Non-litigation negotiations offer a greater range of alternatives. A buyer haggling over the price of a car has several obvious alternatives, including buying a different car, keeping her own car a bit longer, or leasing a car. Factors in determining which alternative is best might include the shape of the old car, the buyer’s transportation needs, the buyer’s need for a new car as part of her business, the size of a growing family, the cost of a lease, the residual value, and more.
More complex negotiations will have more complex BATNAs, and more complex determinations as well. Large-scale mergers and acquisitions, particularly those involving more than two entities, can have a list of possible alternatives that are pages long, and it is the role of a professional negotiator to work with the client to determine which one is the Best, because the negotiation plan flows from that identification.
The BATNA is important because it forms the basis for negotiation planning. Every party to a negotiation can tell the negotiator, quite easily, what they want. But until they figure out what their best choice is if they walk away, they cannot truly identify what they need. What they need, described in negotiation literature as the “Reservation Point,” is the always just one increment short of the BATNA. If the criminal defendant is willing to roll the dice at trial if the only choice is a ten year sentence in prison, because he wants to be out when his daughter graduates from high school in nine years, his Reservation Point is actually nine years. If a business buyer can buy a similar company and achieve similar results for $1 million, she might want to buy it for $500,000, but she will pay $999,999. What she wants is the “Target,” what her negotiator should aim for. But what she must have or she will walk away is the “Reservation Point.”

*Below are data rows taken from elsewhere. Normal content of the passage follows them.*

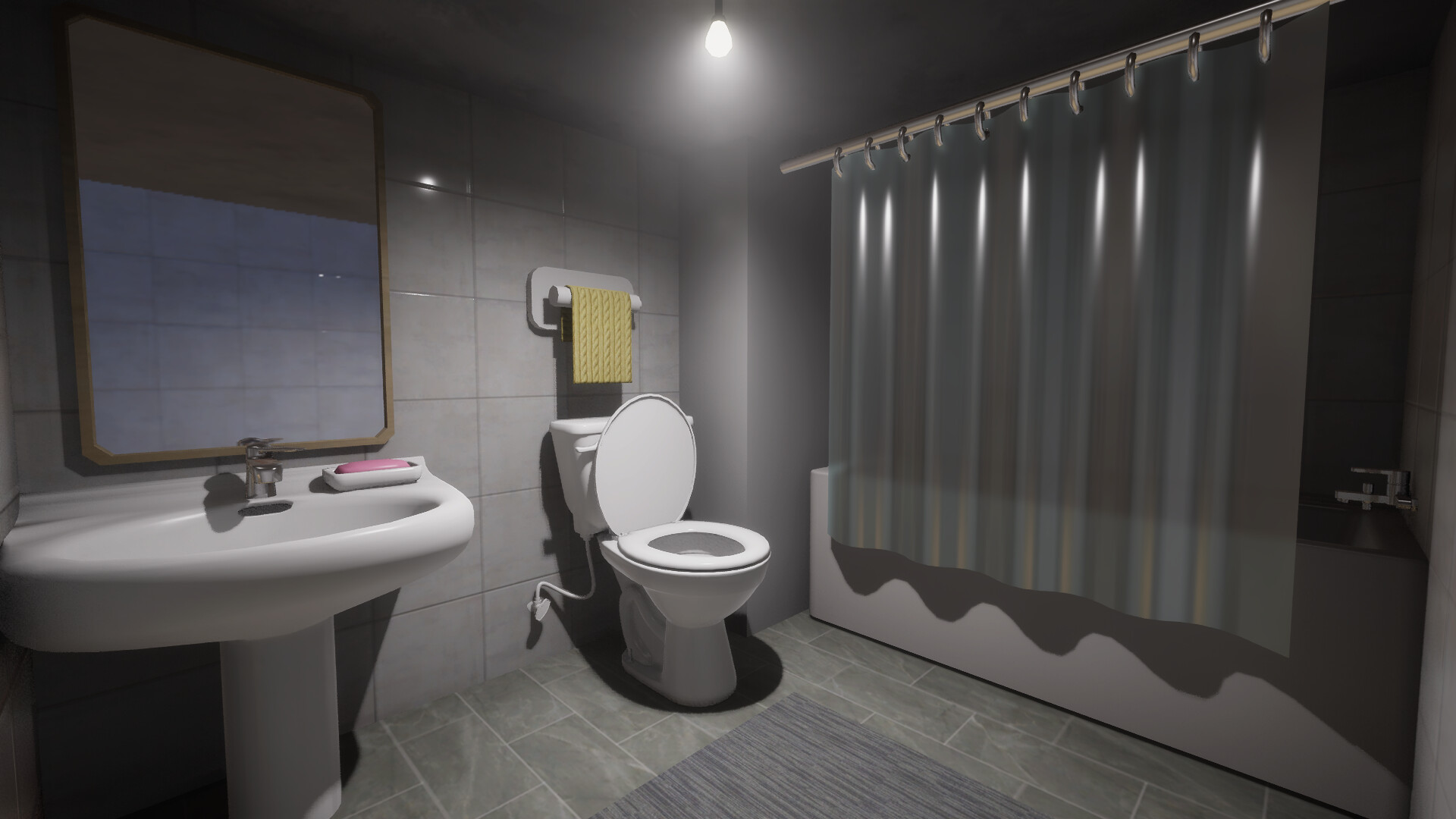 Скриншот из игры GameDev Life Simulator - 50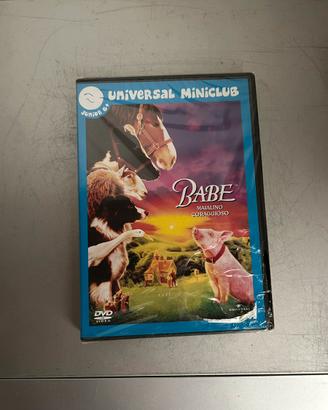 Dvd Babe - maialino coraggioso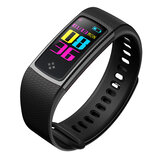 Reloj deportivo inteligente Goral S9 con monitor de presión arterial, oxígeno y ritmo cardíaco, pantalla a color OLED de 0,96 pulgadas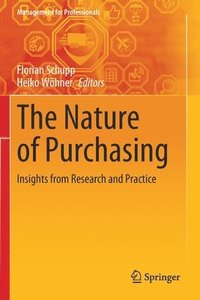 bokomslag The Nature of Purchasing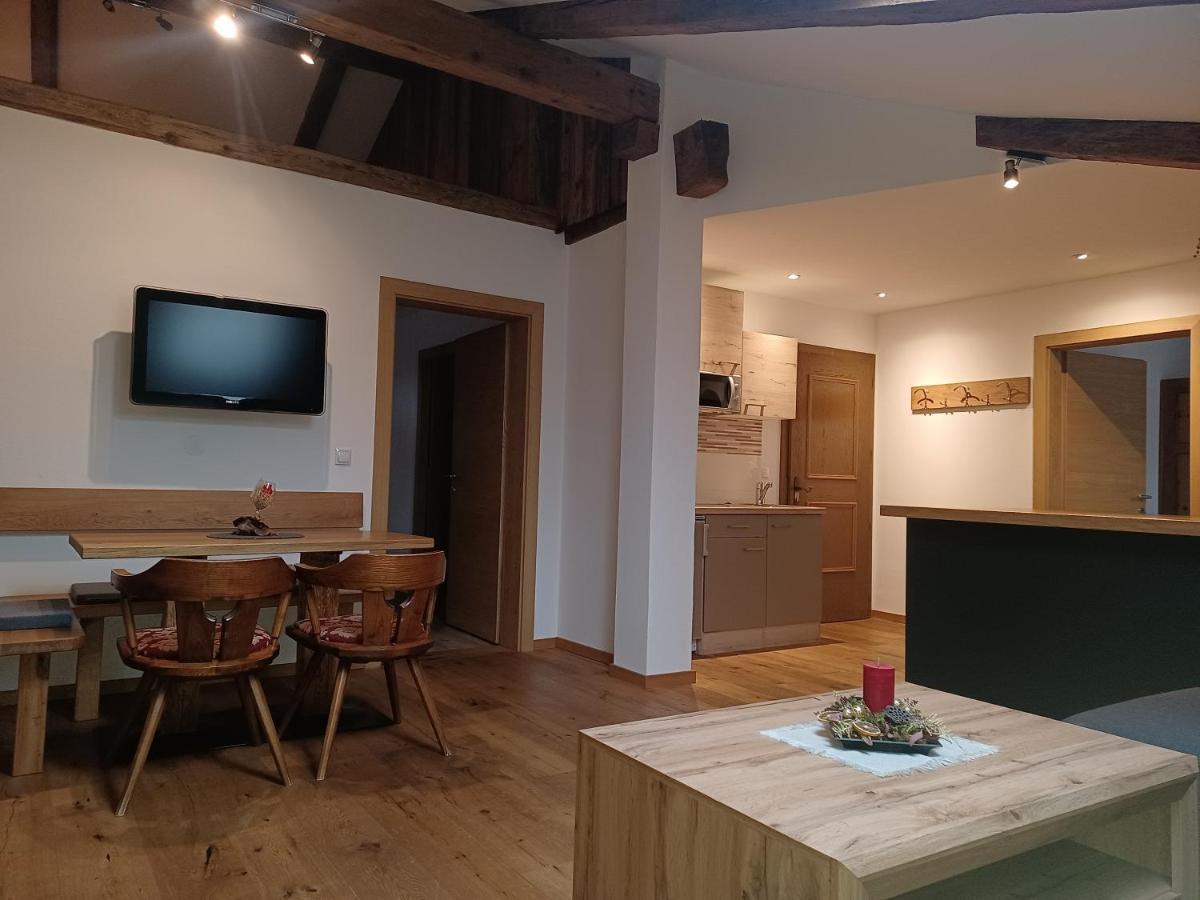 Appartement Kuglerhof à Dobbiaco Extérieur photo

One of the most difficult tasks for a negotiator is to determine the client’s underlying needs, their motivation, the details of their business behind the proposed deal. Without knowing the date of the daughter’s graduation, or the price of the alternative business, the negotiator can’t identify the essential benchmarks that lead to a successful negotiation.
If a party has not determined their BATNA, and derived from that the Target and Reservation Point, negotiation is unlikely to lead to a satisfactory result.
Which brings us, once again, to President Trump.
One of Donald Trump’s first acts as President was to reject the Trans-Pacific Partnership, a trade agreement signed on February 4, 2016, among Australia, Brunei, Canada, Chile, Japan, Malaysia, Mexico, New Zealand, Peru, Singapore, Vietnam, and United States, but never ratified. When the United States withdrew, the remaining nations entered into the Comprehensive and Progressive Agreement for Trans-Pacific Partnership, which was effectively the TPP sans the U.S.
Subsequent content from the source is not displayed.